The result is that 58% of provider reimbursement (income) goes to pay fixed, mandated costs (Medical Group Management Association Cost Survey for Primary Care Practices 2010 Report Based on 2009 Data). Further increasing administrative requirements will make it less and less feasible for providers to maintain financially viable practices. We should expect many more providers to leave medical practice and major impacts on the availability of healthcare services.

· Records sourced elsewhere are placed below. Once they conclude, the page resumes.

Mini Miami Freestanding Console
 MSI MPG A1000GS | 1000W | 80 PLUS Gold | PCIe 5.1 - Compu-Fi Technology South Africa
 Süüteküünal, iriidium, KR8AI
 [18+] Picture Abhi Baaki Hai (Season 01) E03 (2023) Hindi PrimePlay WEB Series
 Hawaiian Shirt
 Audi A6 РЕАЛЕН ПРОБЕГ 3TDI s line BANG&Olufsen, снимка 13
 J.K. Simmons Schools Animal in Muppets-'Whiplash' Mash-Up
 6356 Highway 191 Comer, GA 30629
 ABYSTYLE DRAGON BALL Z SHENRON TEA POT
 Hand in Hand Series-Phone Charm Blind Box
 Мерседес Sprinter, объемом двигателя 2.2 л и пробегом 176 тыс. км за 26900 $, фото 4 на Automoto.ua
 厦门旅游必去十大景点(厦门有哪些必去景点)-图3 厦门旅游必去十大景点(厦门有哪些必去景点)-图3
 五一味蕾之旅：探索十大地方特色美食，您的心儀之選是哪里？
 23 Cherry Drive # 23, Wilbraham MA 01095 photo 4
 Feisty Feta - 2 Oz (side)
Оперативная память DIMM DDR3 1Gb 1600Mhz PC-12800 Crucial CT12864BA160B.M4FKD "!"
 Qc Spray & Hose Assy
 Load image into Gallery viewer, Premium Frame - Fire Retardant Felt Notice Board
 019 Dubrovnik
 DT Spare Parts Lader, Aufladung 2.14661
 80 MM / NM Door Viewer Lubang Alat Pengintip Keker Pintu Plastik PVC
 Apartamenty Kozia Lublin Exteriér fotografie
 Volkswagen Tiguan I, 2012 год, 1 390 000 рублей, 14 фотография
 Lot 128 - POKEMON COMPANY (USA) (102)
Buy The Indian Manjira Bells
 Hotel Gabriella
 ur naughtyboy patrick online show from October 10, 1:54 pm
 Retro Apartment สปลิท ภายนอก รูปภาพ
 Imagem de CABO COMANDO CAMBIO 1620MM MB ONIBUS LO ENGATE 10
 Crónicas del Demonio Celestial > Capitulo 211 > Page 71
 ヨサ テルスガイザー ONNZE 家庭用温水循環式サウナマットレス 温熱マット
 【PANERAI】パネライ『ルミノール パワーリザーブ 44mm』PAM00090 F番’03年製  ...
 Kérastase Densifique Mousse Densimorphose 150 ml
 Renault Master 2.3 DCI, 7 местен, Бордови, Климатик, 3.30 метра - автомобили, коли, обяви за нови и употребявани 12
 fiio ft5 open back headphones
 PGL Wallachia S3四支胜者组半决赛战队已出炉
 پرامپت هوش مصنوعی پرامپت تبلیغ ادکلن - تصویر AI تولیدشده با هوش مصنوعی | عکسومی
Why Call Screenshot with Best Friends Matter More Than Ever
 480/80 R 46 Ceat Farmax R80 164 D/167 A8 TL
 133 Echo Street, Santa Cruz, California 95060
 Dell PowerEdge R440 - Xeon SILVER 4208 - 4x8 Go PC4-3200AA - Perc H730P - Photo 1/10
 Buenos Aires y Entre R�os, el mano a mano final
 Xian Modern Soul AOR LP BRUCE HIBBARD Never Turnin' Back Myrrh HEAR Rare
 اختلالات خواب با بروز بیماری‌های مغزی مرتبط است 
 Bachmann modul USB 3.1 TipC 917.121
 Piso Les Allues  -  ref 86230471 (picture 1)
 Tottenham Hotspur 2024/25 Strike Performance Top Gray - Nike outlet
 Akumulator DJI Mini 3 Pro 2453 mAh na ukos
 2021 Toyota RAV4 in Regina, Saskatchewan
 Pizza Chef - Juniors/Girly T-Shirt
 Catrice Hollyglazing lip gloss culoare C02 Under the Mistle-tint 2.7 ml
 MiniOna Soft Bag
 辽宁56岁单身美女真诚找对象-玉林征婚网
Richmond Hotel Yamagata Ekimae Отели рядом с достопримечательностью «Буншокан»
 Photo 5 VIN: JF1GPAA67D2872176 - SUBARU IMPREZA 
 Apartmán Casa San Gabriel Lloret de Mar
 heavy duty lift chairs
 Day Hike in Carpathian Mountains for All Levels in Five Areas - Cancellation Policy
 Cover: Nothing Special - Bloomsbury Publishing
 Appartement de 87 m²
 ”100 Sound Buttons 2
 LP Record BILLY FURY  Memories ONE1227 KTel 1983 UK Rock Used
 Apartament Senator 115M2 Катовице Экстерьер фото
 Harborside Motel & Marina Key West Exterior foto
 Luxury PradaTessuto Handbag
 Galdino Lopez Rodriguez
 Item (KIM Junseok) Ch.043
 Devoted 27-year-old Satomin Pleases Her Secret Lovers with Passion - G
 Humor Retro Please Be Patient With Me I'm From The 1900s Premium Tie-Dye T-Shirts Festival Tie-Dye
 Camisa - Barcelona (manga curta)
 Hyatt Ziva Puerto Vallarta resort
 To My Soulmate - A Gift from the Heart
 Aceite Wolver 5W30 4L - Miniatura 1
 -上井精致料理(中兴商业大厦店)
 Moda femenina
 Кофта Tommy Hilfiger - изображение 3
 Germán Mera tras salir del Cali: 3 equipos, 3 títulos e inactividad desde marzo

Another example is the California Office for Statewide Health Planning and Development (OSHPD) that must approve all aspects of hospital construction in an inefficient, complex and expensive process. In 2011, our critical access hospital, that is 80 miles from a larger hospital, committed to purchasing a CT imaging system for rapid evaluation of patients with chest pain. Such a program would decrease by more than 85% the need to transfer patients to medical centers, a two-hour ambulance ride away, and would save millions of dollars a year in healthcare costs. Renovations qualified for a one-month expedited OSHPD review. However, OSHPD took more than two years for approval and the approval process cost $400,000 for renovations expected to cost less than $100,000.
We The American People should demand simplification and standardization of these and other inefficient, expensive and excessive legal, regulatory and bureaucratic administrative requirements. We must allow providers more freedom from such unrealistic constraints and give them more time to concentration on our healthcare needs.
This will only occur if our elected representatives are held accountable at the ballot box for their failure to listen and fix these travesties.
Earl W. Ferguson, MD, PhD
Dr. Ferguson is a healthcare executive, cardiologist, and preventive medicine specialist and a Fellow of the American College of Cardiology, the American College of Physicians and the American College of Preventive Medicine. Dr. Ferguson was a member of the Federal Senior Executive Service as the Director of Aerospace Medicine and Occupational Health for NASA before moving to Ridgecrest in 1996 to develop advanced rural health information technology.